During a sprint car event on August 9th at Canandaigua (N.Y.) Motorsports Park, Ward Jr. was spun out by Stewart. He then got out of his car to display his displeasure, when Stewart’s car would make contact with Ward, sending him sliding across the track. Ward Jr. would be transported to hospital, where he was pronounced dead upon arrival. Tony Stewart took a couple weeks off, but returned behind the wheel at Atlanta Motor Speedway.
Tantillo spoke the media following the releasement of the statement, stating that the charges of manslaughter in the second degree and criminally negligent homicide were presented to the grand jury. He also revealed that at the time of his death, Ward was under the influence of marijuana, enough that would have impaired his judgment at the time.
Tony Stewart will race this weekend at Dover International Speedway and released a statement following the ruling.
“This has been the toughest and most emotional experience of my life, and it will stay with me forever. I’m very grateful for all the support I’ve received and continue to receive,” Stewart’s statement read. “I respect everything the District Attorney and Sheriff’s Office did to thoroughly investigate this tragic accident. While the process was long and emotionally difficult, it allowed for all the facts of the accident to be identified and known.
“While much of the attention has been on me, it’s important to remember a young man lost his life.

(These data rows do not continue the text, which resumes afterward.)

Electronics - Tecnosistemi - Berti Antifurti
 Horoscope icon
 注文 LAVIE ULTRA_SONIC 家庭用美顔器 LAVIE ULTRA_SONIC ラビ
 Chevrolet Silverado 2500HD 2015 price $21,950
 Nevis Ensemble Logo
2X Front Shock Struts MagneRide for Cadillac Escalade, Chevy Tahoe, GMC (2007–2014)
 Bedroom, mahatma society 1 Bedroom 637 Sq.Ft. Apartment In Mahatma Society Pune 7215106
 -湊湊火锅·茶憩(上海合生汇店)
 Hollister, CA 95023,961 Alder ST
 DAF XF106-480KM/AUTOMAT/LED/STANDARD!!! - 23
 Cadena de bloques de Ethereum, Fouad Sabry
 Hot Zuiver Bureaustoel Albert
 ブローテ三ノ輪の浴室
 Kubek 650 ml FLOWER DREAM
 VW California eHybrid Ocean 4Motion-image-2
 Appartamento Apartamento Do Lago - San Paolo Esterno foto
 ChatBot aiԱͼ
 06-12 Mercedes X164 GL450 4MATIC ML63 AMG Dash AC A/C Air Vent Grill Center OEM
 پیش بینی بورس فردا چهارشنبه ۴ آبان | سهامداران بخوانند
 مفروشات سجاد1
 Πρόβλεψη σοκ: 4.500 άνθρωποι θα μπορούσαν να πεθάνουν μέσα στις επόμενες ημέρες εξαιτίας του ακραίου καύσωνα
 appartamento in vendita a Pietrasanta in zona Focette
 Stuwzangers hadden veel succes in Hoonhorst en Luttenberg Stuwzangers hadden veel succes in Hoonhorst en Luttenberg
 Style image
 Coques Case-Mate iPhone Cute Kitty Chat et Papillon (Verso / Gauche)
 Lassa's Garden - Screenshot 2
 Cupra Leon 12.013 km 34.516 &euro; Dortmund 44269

Kevin Ward Jr.’s family and friends will always be in my thoughts and prayers.”
NASCAR released a statement through Brett Jewkes, their Cheif Communications Officer, stating, “There are no winners in tragedy. Our thoughts and prayers remain with the Kevin Ward Jr. family and Tony Stewart as they all cope with this tragic incident at Canandaigua Motorsports Park. This has been a difficult time for everyone involved and we have respected the local authorities responsible for reviewing this case.”
The Ward family expressed disappointment following the ruling, releasing the following statement: “Our son got out of his car during caution when the race was suspended. All the other vehicles were reducing speed and not accelerating except for Stewart, who intentionally tried to intimidate Kevin by accelerating and sliding his car toward him, causing the tragedy. The focus should be on the actions of Mr. Stewart. This matter is not at rest and we will pursue all remedies in fairness to Kevin.”
Stewart’s sponsors have had his back throughout the process with Mobil 1 releasing the following statement: “We are aware that the grand jury determined that there is no basis to charge Tony Stewart. There has been no change in our sponsorship with Tony Stewart or Stewart-Haas Racing. The accident has been a terrible tragedy for all involved and our thoughts remain with the Ward family and Tony Stewart.”